A rider with the Mapei-Grassi amateur squad in Italy and a Eurosport commentator before taking over at RusVelo in 2013, Khamidulin is under no illusions as to why his team was given the nod. In the grand scheme of things, RCS Sport will have deemed the patronage of Russian energy giant Gazprom and some major players in the Italian bike industry as being of greater importance than the team’s intrinsic sporting value.
“Our service course is in Italy and all of our technical sponsors are Italian, like Colnago, Nalini and Campagnolo, so for that reason I was hopeful,” Khamidulin. “The link to so many big Italian sponsors was an advantage for us and would have been significant for RCS too. But we want to show with our results in this race that it was right to invite us.”
Gazprom has backed RusVelo – at least through the wider Russian Global Cycling Project that encompasses the Katusha team – since its foundation in 2012, but only stepped up to title sponsorship ahead of the new campaign. In hindsight, the team presentation, held in Desenzano on the shores of Lake Garda in December, seemed to suggest greater ambition in 2016. Among those to attend were UCI management committee members Igor Makarov, David Lappartient and Renato Di Rocco.
“Gazprom’s sponsorship is very significant for the whole of cycling, because in cycling there’s no other sponsor as powerful as this: Gazprom is the 17th biggest company in the world, with more than 300,000 employees,” Khamidulin said. “We all know there’s a lack of money in cycling, there are always sponsors leaving, so I’m very happy that we’ve brought such an important sponsor into cycling.”

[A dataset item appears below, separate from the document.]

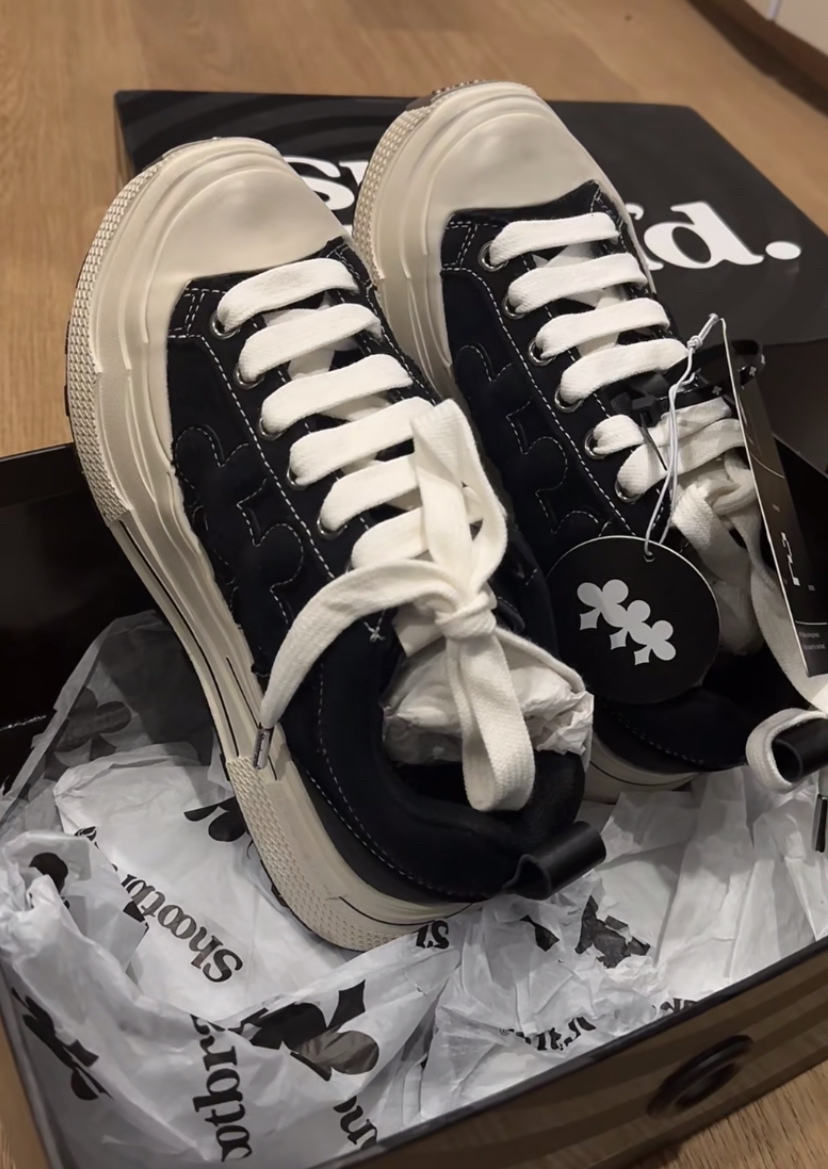能搭我所有衣服的鞋子！！！还是卓沅同款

As befits a team founded with the remit of preparing local talent on track and road for the Olympic Games, Gazprom-RusVelo’s roster is made up entirely of Russian riders, but despite the lack of marquee names, Khamidulin vowed that his squad will not line up in May purely to make up the numbers. Much like Androni Giocattoli, who they appear to have beaten to the final berth, Gazprom-RusVelo have no general classification threat and will seek out opportunities everywhere they can.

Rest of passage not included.